__WHAT TO DO__. Write out every entry exactly as it appears, omitting the pictures.

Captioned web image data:
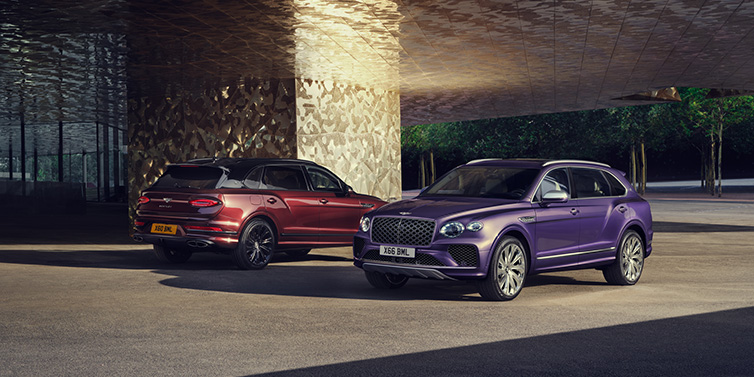 Bentley Bucuresti A duo of Bentley Bentayga Extended Wheelbase Mulliner SUVs parked in a city environment, with Tanzanite Purple and Cricket Ball red exterior paint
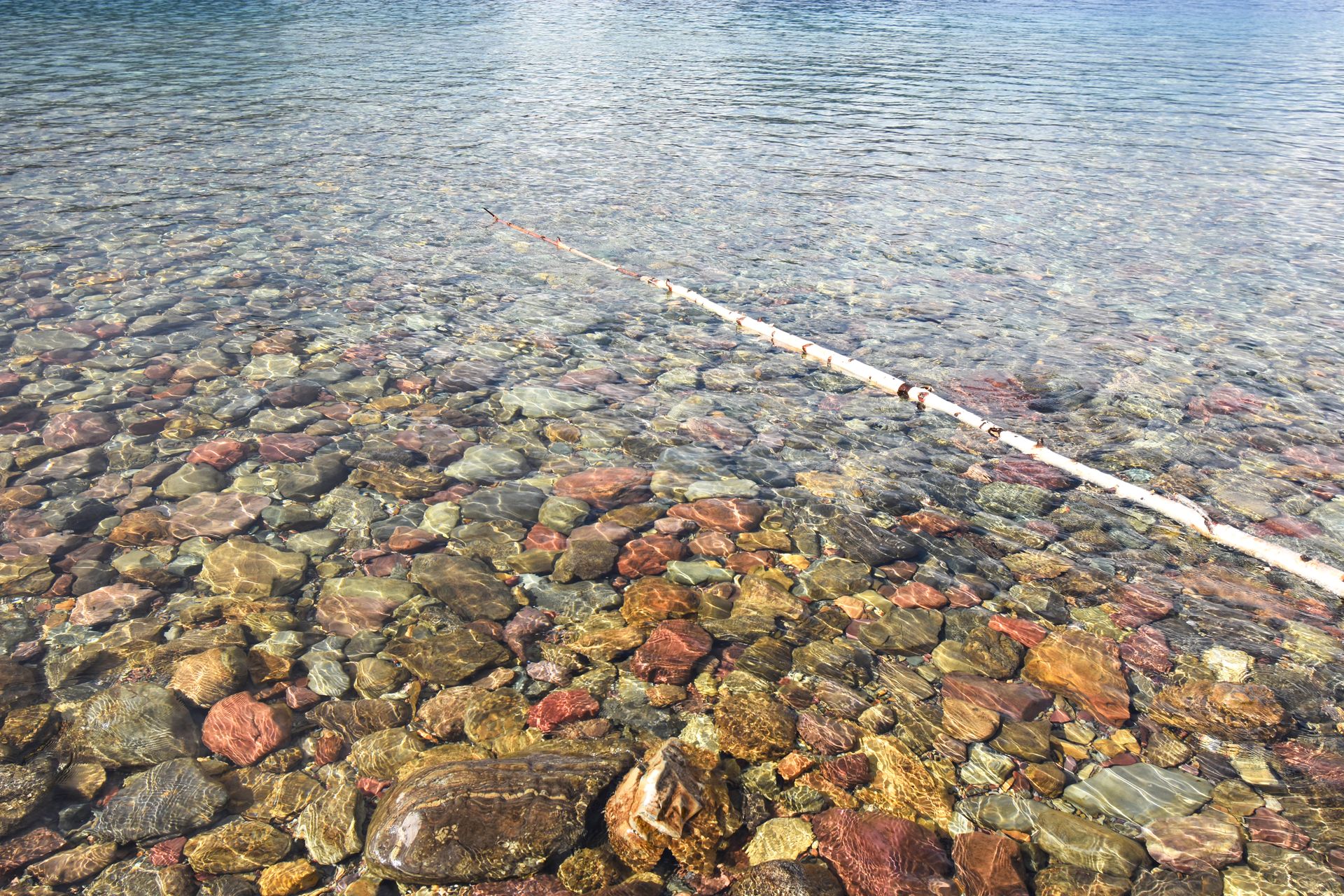 A close up of colorful rocks below the water of Lake McDonald. The rocks are red, yellow and green.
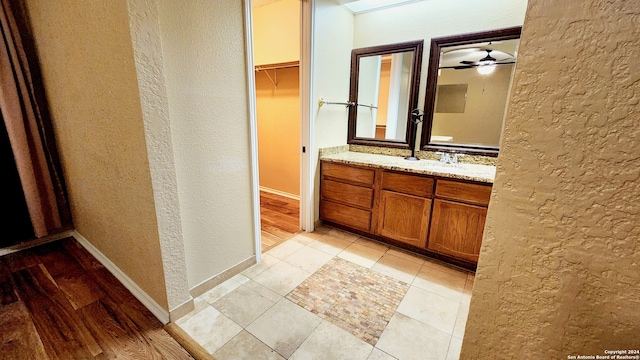 bathroom featuring vanity, ceiling fan, and wood-type flooring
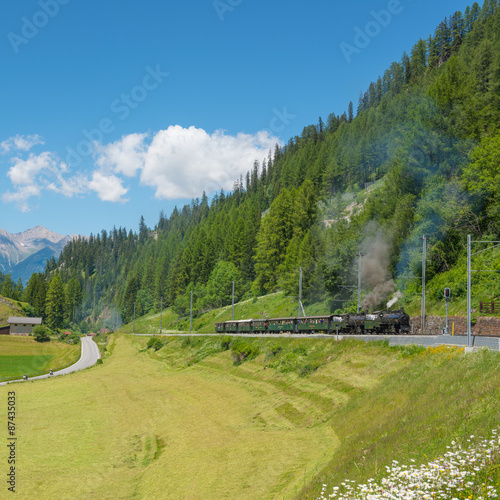 Journey by the historic steam train to Grisons, Swiss Alps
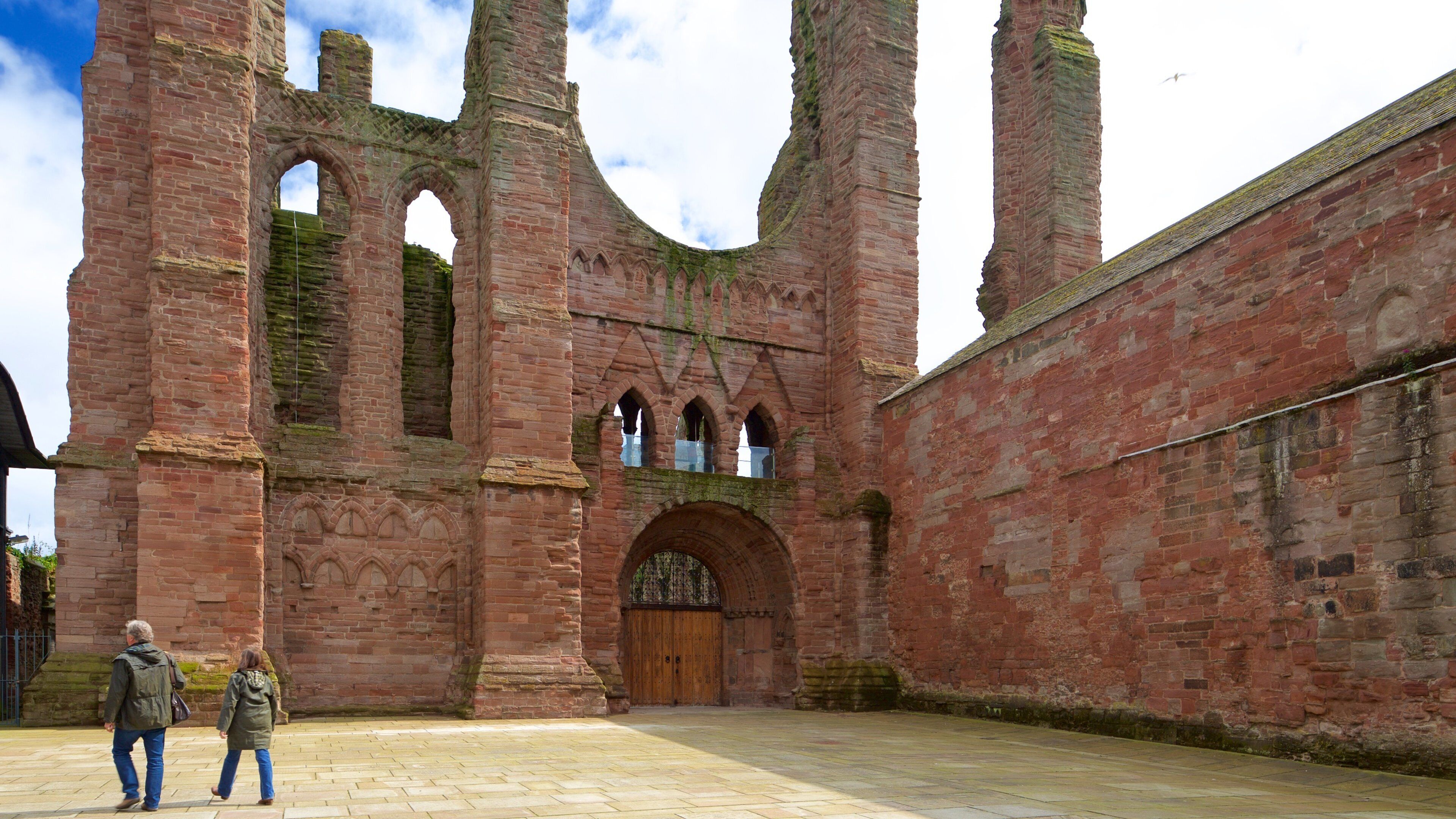 Arbroath Abbey featuring heritage elements and heritage architecture as well as a small group of people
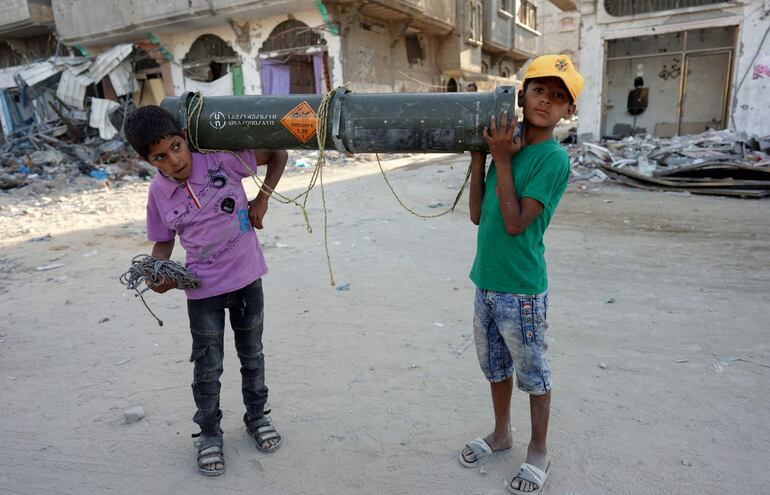 Niños palestinos llevan un contenedor estadounidense de munición vacío en Jan Yunis, en el sur de la Franja de Gaza, el jueves.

__RESULT__.
 Bentley Bucuresti A duo of Bentley Bentayga Extended Wheelbase Mulliner SUVs parked in a city environment, with Tanzanite Purple and Cricket Ball red exterior paint
 A close up of colorful rocks below the water of Lake McDonald. The rocks are red, yellow and green.
 bathroom featuring vanity, ceiling fan, and wood-type flooring
 Journey by the historic steam train to Grisons, Swiss Alps
 Arbroath Abbey featuring heritage elements and heritage architecture as well as a small group of people
 Niños palestinos llevan un contenedor estadounidense de munición vacío en Jan Yunis, en el sur de la Franja de Gaza, el jueves.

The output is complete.